Considering the data volume in the PDB archive as well as its rapid growth, it is useful to compress the data in DB2. This reduces the storage consumption and improves performance. Although compression and decompression in DB2 consumes some additional CPU cycles, compression also reduces the number of physical I/O operations necessary to read a certain amount of data from disk. Furthermore, compressed pages of a DB2 table space remain compressed in the DB2 buffer pool in main memory. As a result, compression allows more data to be in memory than without compression, which increases the buffer-pool hit ratio and makes higher utilization of the available memory. We found that the I/O and memory benefits of compression outweigh the additional CPU cost and lead to overall higher performance.

The following commands in Listing 5 were used to compress both tables.

Listing 5. Enabling compression and REORG tables
ALTER TABLE xmlrpdb.pdbxml COMPRESS YES;
REORG TABLE xmlrpdb.pdbxml LONGLOBDATA RESETDICTIONARY;

ALTER TABLE xmlrpdb.atom_site COMPRESS YES;
REORG TABLE xmlrpdb.atom_site LONGLOBDATA RESETDICTIONARY;

The reduction in space consumption is summarized in Table 1. After compression, the information contained in the 6,029 PDBML documents can be stored in 67.4 percent fewer pages (i.e., three times less space than without compression).

Table 1. Space savings achieved by compression
Before compressionAfter compressionSavings
xmlrpdb.pdbxml176,256 pages44,736 pages74.6 percent
xmlrpdb.atom_site264,960 pages99,264 pages62.5 percent
Total441,216 pages144,000 pages67.4 percent

With a page size of 32 KB, the final storage of 144,000 pages is equivalent to 4.4 GB, which is only 5.3 percent of the original raw data volume of 83 GB. If we extrapolate this ratio to the total current size of the PDB archive, we find that the 0.75 TB of PDB information would be stored in DB2 using only approximately 40.7 GB of space, plus some space for indices.

This tremendous saving of storage stems from two factors. First, the high ratio of markup to value in the atom information is eliminated by converting the atom coordinates to relation format in the preprocessing step. Second, DB2 compression shrinks the remaining XML and relational data by a factor of 3.

Database partitioning

Despite the significant reduction in space consumption, the PDB data volume continues to grow fast. Also, the response time of complex analytical queries can be reduced by spreading the data across multiple database partitions, such that all partitions work on their assigned data in parallel. These database partitions can reside on the same machine to exploit all the CPU power of a multi-core system, or they can be spread across multiple machines in a shared-nothing configuration. The DB2 Database Partitioning Feature (DPF) is available through IBM InfoSphere® Warehouse, a software package that contains DB2 with advanced features, as well as additional design, reporting, and database management tools.

Using the DPF, we recommend to distribute the data in the pdbxml table and atom_site table across the database partitions by hashing on the values of the pdb_id column.
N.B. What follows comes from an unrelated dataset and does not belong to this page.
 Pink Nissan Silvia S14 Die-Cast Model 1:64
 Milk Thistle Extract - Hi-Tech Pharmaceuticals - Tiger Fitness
This is achieved by adding the clause DISTRIBUTE BY HASH(pdb_id) to the respective CREATE TABLE statement. The large number of distinct values in the pdb_id column ensures a relatively even distribution of rows over the database partitions. Distributing both tables by hashing on their join key (pdb_id) also ensures that all atom rows for a given PDBML document are stored in the same database partition as the PDBML document itself. This collocation implies that joins between the two tables can always be evaluated within each of the database partitions and never require data to be shipped across partitions.

Range partitioning

Range partitioning (also known as table partitioning) enables you to partition the data in a table according to the value in a specified column, such that rows with the same value will reside in the same partition. The concept of range partitioning is orthogonal to the database partitioning. If database partitioning and range partitioning are used together, the rows in a table are first hashed across the database partitions and then range-partitioned within each database partition.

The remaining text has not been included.